Turkey’s March 30 local election, with the ruling Justice and Development Party (AKP) earning 45.5 percent of the vote, revealed a country deeply divided. How Prime Minister Recep Tayyip Erdoğan interprets these results will determine how he approaches the upcoming presidential and parliamentary elections and whether he pursues a policy of conflict or compromise: continuing the repressive practices that characterized the lead-up to the local elections or abandoning them now that he’s secured his party’s rule.

At a discussion of the significance of Turkey’s local elections and a subsequent analysis, the Bipartisan Policy Center identified four critical issues to monitor that would indicate the path that Prime Minister Erdoğan’s government intends to take: 1) electoral irregularities 2) social media bans 3) the pending intelligence law and 4) relations with Israel.

With the elections nearly a month ago, we evaluate the AKP’s recent actions in each of these areas.

Electoral Irregularities

As Turkey approaches presidential and parliamentary elections in an increasingly tense domestic environment, addressing concerns about the fairness of March 30 elections is critical to limiting growing polarization in Turkish society and reassuring Turks that their votes will be counted in the two upcoming elections.

Charges of electoral fraud challenge the validity of the March 30, including:

  • Electricity blackouts that interrupted polling in several provinces,
  • Instances of ballot tampering reported by the opposition.
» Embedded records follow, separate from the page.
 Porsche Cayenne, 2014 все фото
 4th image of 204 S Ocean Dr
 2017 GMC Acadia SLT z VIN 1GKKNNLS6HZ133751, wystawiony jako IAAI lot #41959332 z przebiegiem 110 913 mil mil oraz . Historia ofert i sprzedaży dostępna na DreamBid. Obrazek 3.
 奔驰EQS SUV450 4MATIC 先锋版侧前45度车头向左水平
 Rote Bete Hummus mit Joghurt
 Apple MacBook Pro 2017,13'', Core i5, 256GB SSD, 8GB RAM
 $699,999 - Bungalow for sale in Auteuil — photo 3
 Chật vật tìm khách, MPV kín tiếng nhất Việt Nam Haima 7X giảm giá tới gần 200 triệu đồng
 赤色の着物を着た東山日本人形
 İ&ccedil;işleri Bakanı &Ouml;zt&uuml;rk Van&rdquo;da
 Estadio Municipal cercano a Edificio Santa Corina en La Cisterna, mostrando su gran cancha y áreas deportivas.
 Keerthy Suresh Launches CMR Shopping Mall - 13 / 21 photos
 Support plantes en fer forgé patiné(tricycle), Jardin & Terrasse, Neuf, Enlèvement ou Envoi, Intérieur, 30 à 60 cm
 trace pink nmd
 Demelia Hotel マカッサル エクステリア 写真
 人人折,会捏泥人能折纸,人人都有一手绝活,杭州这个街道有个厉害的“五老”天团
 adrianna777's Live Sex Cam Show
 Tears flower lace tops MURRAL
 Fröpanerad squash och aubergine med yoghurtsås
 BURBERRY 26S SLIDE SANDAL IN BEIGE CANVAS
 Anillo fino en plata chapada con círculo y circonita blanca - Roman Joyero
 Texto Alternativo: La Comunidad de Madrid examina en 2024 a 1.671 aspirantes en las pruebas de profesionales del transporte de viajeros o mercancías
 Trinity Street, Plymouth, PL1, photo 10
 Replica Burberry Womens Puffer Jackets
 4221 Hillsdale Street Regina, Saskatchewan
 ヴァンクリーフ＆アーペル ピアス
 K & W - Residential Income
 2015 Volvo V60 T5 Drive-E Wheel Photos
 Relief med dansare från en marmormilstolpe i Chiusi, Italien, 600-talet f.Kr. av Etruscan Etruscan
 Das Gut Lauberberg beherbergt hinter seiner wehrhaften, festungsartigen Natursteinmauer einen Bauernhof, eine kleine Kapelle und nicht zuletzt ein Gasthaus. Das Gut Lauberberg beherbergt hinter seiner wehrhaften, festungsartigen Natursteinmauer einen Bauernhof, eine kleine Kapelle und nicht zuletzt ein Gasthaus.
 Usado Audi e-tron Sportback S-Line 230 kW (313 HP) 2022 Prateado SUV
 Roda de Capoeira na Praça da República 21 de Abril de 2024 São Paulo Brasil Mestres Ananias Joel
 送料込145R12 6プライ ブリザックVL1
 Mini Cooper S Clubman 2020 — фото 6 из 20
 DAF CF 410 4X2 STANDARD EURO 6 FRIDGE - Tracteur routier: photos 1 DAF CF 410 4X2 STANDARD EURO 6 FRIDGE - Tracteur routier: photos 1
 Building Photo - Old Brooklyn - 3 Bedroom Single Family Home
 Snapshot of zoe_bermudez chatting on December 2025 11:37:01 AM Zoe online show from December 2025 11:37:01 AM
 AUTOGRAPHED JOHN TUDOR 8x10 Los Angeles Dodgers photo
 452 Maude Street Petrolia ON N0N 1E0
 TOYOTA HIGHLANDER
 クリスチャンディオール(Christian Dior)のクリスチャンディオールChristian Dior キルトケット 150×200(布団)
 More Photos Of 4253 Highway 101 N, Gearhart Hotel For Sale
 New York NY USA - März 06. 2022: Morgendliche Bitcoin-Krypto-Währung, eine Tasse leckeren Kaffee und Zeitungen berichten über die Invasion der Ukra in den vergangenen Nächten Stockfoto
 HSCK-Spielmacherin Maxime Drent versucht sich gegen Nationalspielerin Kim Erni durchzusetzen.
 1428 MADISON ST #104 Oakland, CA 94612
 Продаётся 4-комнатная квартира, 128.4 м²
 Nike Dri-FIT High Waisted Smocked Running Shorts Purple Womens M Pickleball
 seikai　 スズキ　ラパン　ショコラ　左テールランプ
Accusations of electoral fraud coming from the opposition have been swept under the rug. Here is what has happened since the elections:

  • Numerous requests from the Republican People’s Party (CHP) to recount or cancel the results of the election for mayor of the capital, Ankara, ranging from local election boards all the way to the Supreme Election Board (YSK), have been denied. While the AKP seems determined to quash disputes over the Ankara vote, the CHP has not been dissuaded. On April 21, the CHP applied to the Constitutional Court to order a re-run of the election and, if that fails, reportedly plans on appealing to the European Court of Human Rights. However, the CHP’s prospects in the Constitutional Court may be dim, as Justice Minister Bekir Bozdağ has said that any YSK decision would be final.
  • The YSK, while denying the CHP’s petitions in Ankara, has proven willing to hear AKP petitions. While a CHP petition in the northwestern province of Yalova led to a recount, changing the mayorship from the AKP to the CHP by a margin of 6 votes, the AKP then filed a complaint to the YSK, which annulled the results of the Yalova election, which will now be re-held in June.
  • CHP candidate Vefa Salman decried the decision as politically motivated, saying “I don’t believe that the decision was based on the law…Yalova residents elected me to be their mayor, but the YSK made an unfair decision.”
  • The AKP continued to challenge the results in the eastern province of Agri, despite a clear victory by the Kurdish Peace and Democracy Party (BDP). After numerous recounts failed to change the result, the BDP requested the results be annulled and the elections reheld “due to the tension in the city and the sensitivity people” arising from the continuous recounts, according to BDP candidate Sirri Sakik. The provincial elections board accepted the BDP’s request, and the election will be repeated on June 1st.
  • The YSK did, however, accept a petition from the Nationalist Movement Party (MHP), ordering the Provincial Election Council to investigate the results in Kastamonu province, the results of which have not been announced, where the MHP, who had governed there for 20 years, lost the municipal elections to the AKP by 245 votes.

Social Media Bans

Under the recently passed Internet law, the Turkish government censored social media platforms just days before the local elections, blocking first Twitter and then YouTube.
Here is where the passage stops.